Ukrainian government planning to move forward with mass privatizations

Amidst continually worsening economic and social conditions and a tentative ceasefire with separatists in eastern Ukraine, the right-wing US-backed government of President Petro Poroshenko is seeking to move forward with plans to carry out large-scale privatization of thousands of state-owned industries in 2016.

With Ukraine’s economy expected to contract a further 12 percent this year and with the country’s external debt forecast to reach 153 percent of GDP in 2015 and 134.2 percent in 2016, the Poroshenko regime is in desperate need of any cash it can gets its hands on to remain in power in the face of growing social and political opposition.

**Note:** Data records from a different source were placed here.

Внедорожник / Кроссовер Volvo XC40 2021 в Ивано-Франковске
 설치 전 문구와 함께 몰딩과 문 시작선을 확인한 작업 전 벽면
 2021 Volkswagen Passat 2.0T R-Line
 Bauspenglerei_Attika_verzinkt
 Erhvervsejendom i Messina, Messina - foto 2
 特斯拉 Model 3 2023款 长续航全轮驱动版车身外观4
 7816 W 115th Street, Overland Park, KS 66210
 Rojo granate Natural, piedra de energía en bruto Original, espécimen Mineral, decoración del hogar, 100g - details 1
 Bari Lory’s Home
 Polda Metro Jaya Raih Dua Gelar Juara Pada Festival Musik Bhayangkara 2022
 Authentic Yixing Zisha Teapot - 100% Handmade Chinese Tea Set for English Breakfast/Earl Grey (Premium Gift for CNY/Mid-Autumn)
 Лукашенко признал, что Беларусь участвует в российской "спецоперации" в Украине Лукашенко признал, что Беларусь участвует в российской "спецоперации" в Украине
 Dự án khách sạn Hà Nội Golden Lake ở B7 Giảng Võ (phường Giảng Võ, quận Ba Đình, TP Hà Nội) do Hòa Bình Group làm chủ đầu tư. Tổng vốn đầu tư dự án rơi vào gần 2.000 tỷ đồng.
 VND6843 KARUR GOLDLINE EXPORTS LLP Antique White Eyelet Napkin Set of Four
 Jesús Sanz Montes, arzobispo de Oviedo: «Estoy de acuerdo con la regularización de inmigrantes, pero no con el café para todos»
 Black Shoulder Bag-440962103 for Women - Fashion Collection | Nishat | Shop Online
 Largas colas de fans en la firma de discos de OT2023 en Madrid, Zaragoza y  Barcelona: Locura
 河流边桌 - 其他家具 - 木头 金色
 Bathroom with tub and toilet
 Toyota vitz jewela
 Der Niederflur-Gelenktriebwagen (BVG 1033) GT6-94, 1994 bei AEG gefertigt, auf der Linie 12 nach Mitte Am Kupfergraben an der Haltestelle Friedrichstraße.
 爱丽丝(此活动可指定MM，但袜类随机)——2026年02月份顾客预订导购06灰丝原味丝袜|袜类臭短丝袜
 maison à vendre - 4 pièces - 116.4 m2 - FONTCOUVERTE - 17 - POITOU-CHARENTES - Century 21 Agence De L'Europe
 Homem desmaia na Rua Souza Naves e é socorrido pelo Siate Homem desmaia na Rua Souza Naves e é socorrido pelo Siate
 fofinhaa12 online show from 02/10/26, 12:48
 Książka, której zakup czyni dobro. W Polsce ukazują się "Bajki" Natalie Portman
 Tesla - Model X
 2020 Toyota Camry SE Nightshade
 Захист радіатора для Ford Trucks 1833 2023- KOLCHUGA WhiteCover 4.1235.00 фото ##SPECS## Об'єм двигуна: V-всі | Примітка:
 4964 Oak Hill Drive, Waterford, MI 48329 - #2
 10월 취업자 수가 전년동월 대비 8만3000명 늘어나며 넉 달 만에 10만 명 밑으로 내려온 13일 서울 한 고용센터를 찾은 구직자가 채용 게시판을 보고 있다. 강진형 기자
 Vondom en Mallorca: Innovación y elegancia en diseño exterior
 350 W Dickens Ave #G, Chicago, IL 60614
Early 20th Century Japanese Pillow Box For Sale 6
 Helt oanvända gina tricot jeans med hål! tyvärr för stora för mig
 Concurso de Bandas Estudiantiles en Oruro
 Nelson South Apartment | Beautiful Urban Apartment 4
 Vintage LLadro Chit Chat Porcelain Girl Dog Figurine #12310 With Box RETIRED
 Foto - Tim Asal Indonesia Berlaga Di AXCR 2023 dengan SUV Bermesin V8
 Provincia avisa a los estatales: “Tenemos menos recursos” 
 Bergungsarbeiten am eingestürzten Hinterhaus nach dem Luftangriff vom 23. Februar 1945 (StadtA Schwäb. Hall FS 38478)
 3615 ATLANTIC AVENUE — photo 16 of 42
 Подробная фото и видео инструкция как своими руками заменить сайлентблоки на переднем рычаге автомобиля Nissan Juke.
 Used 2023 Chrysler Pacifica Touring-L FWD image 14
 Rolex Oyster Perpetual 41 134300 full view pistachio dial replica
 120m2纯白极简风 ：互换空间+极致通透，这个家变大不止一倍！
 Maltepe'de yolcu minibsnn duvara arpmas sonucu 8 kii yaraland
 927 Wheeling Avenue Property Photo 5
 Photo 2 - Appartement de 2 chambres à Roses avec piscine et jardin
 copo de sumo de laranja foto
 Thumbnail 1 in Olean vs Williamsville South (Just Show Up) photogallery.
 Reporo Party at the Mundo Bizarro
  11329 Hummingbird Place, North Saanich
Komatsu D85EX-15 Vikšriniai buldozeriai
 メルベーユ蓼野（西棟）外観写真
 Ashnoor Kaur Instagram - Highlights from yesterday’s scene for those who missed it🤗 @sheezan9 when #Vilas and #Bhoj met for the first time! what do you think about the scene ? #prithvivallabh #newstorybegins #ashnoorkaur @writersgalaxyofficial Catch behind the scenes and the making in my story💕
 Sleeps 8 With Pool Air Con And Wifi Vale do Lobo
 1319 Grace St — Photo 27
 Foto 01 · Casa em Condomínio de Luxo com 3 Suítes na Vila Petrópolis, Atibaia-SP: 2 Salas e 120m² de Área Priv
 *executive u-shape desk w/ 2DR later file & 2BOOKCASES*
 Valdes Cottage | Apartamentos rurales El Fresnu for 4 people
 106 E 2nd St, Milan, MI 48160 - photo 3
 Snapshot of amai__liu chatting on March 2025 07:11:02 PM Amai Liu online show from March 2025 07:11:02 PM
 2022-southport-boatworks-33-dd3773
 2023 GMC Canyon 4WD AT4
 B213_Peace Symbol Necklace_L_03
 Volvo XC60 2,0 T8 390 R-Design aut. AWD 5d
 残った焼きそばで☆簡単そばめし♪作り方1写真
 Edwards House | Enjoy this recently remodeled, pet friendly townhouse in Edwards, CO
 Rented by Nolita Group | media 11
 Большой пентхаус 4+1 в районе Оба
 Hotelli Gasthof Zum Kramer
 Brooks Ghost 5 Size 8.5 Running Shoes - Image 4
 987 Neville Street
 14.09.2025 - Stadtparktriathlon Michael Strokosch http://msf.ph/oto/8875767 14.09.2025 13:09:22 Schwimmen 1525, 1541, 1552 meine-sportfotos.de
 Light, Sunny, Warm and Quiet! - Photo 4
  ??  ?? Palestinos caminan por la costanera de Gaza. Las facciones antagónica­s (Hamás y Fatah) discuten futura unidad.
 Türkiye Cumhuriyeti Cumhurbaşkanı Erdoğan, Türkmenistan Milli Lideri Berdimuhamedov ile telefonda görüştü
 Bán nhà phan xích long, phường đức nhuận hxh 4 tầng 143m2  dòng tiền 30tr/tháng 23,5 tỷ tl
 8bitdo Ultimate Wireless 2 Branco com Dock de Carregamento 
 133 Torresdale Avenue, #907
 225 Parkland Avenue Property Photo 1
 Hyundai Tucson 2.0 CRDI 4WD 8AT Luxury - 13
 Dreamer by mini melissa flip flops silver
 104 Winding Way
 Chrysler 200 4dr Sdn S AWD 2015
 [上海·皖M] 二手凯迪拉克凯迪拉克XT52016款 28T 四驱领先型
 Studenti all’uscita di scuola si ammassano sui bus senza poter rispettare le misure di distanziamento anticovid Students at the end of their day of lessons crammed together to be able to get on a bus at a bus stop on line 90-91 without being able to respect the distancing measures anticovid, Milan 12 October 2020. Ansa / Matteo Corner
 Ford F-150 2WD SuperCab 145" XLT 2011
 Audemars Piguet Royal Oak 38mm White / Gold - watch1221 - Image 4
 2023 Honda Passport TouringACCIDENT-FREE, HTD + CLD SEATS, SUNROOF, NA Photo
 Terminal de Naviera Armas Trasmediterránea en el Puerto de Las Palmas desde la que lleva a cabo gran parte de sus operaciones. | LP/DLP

The Ukrainian government currently operates approximately 3,000 state-owned enterprises. Almost all of them are poorly managed, operate with yearly losses, and serve as a source of funds and bribes for the oligarchic bourgeoisie and its political representatives who have run the country since the fall of the Soviet Union. Due to the complete collapse of the country’s currency, the Poroshenko regime is hoping to be able to sell the enterprises at undervalued prices, to be bought either by foreign investors backed by western imperialist governments or the current government’s supporters.

Over the past year Ukrainian government officials have participated in regular meetings regarding privatization in both Berlin and Washington DC, seeking to attract foreign investment and to reward business interests in the United States and Germany, Kiev’s main backers in its confrontation with Moscow.

In July of 2015 at a joint Ukrainian-American conference on investment in Ukraine, Prime Minister Arseniy Yatsenyuk stated, “We want to start the privatization process. If American investors want to make the decision to buy Ukrainian companies, then we want to sell with the most transparent conditions and see American owners on the territory of Ukraine—they will bring not only investment, but also new standards, new ways of managing the companies, and a new investment culture.”

In an October meeting with German investors in Berlin, Ukraine’s Minister of Economic Development and Trade Aivaras Abromavicius stated, “2016 will be the year of privatization in Ukraine. The first step will be the sale of the Odessa Port Chemical Plant. We already have advisors from Europe. We’re calling for businessmen from Germany to participate in the process.” Russian investors and companies will not be allowed to participate in the government’s privatization scheme.

However, the large-scale privatization is opposed by broad sections of the Ukrainian working class, who understand that further privatization will only lead to more factory closings and job losses, alongside an even greater share of profits for the country’s oligarchic capitalist elite.

According to recent polling on privatization of state-owned enterprises in Ukraine by the International Republican Institute (IRI), 49 percent of Ukrainian respondents said all of the state-run companies should remain as they are, while 30 percent answered that, “A few should be privatized, but most should remain in state hands.” Only 12 percent of respondents said, “Most of them should be privatized and only a few strategic companies should remain in state hands.” One percent supported the complete privatization of all state-owned companies.

Furthermore, many of the largest state-owned industries are based in the south and east of country, where opposition to Kiev is highest. The country’s coal industry in the Donbass region will be particularly hard hit by job losses, as the government goes ahead with plans to sell all state-run mines by the end of 2016 and to end subsidies of the coal industry completely by 2020.

Under capitalist rule Ukraine’s coal mines have fallen into disrepair, creating highly dangerous conditions for workers, and many are not expected to stay open without government funding. Two-thirds of the coal mines in the Donbass region are currently non-operational due to the conflict.

Widespread opposition to the privatization plans has not gone unnoticed by the Poroshenko regime, which had first planned to begin large-scale privatization in 2015 with the sale of approximately 300 companies. Instead it postponed its plans until 2016 due to a lack of investors, political opposition, and widespread social and economic instability.

In an interview with Germany’s Deutsche Welle state-run news broadcaster, Ihor Lutsenko, a member of both the Centre-right Fatherland Party and the Ukrainian Parliament’s Committee on Privatization, said, “More than likely the government coalition will collapse, deepening the political crisis. Many politicians expect early parliamentary elections. And in such conditions nobody dares to go after privatized firms—neither sellers nor buyers. I do not think the political situation is favorable for this.”